Je sais que tu comprends. Ou si ce n’est pas le cas c’est que tu as la chance d’être immunisé ou de ne pas avoir été en contact avec cette drogue puissante, qui elle, n’est jamais en rupture de stock à aucune SQDV (Société québécoise des voyageurs). L’enjeu c’est de trouver le temps et l’agent nécessaires à sa consommation. Oh combien de beaux divans et de belles maisons sont restés dans les catalogues afin de me permettre de me promener sur les courbes enivrantes du globe.
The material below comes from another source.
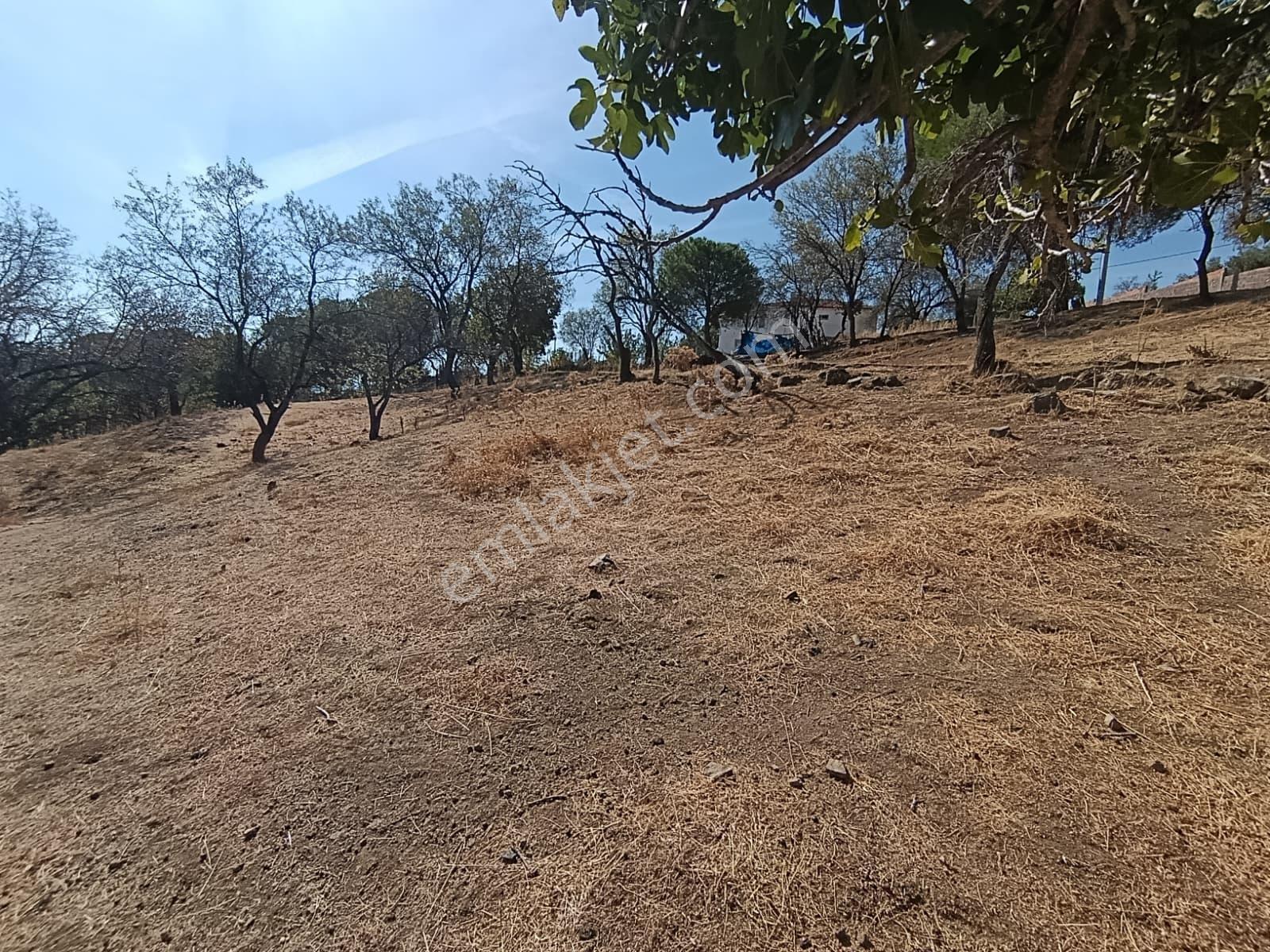 Mir 'den Ayvalık Hacıveliler Köyünde Yatırım Fırsatlı Arsa — fotoğraf 30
La première dose reçue je ne m’en rappelle pas. Je devais avoir à peine quelques mois. Mais je sais que dès ce moment plus aucune guérison n’était possible. Mon père m’a légué ce besoin intrinsèque de caresser la Terre, d’Est en Ouest et du Nord au Sud.
J’ai cependant développé une protection bien à moi pour ralentir un peu mes ardeurs. Je n’ai créé aucune relation d’amitié avec l’avion. Pour moi il est un mal nécessaire. Il me fait peur, il me fait mal, bref je ne l’aime pas. Mais comme c’est bien difficile de se rendre en Europe ou en Afrique en train… Disons que ce manque d’affinités que nous partageons, espace un peu nos rencontres. Jusqu’au moment ou le manque d’air se fait ressentir si fort que je danse un tango endiablé avec cette carcasse volante histoire d’assouvir mon besoin.
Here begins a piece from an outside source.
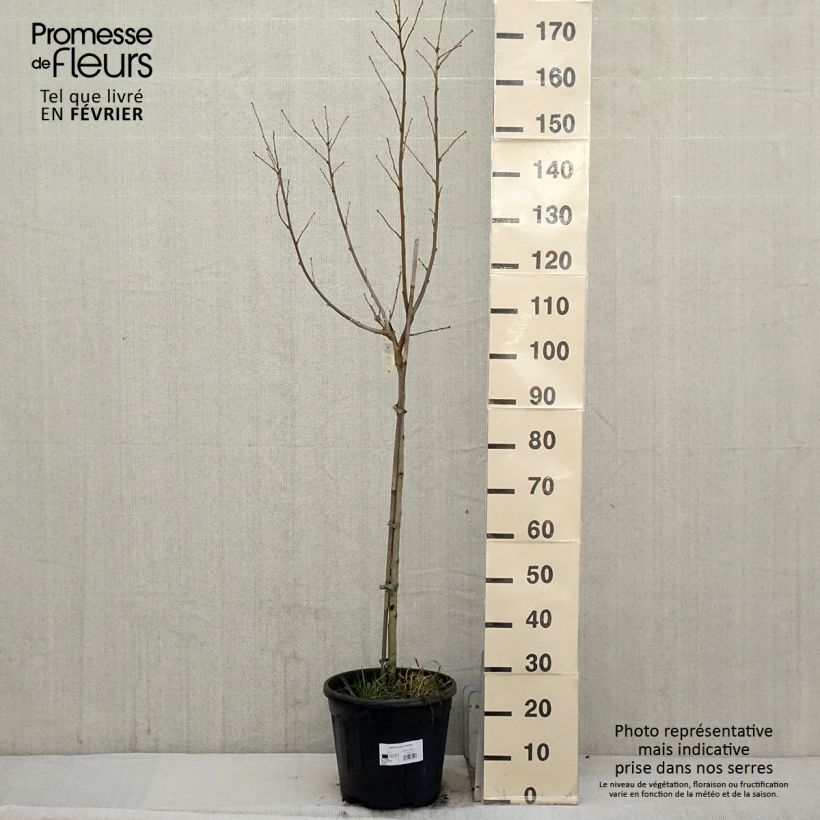 Exemplar von Garten-Hibiscus Hamabo - Hibiscus syriacus Topf mit 7,5L/10L, Halbstamm wie im Winter geliefert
Je ne sais pas quel sera mon prochain rendez-vous, ni avec qui. Peut-être avec moi ? Mais déjà les effets du sevrage se font sentir et j’entends l’écho de l’appel de l’ailleurs…
Alors bonne année mes amis et que celle-ci vous préserve de la drogue de la découverte, du voyage, de la curiosité, du besoin de l’ailleurs… Et qu’elle vous garde tranquille dans vos pantoufles au coin du feu…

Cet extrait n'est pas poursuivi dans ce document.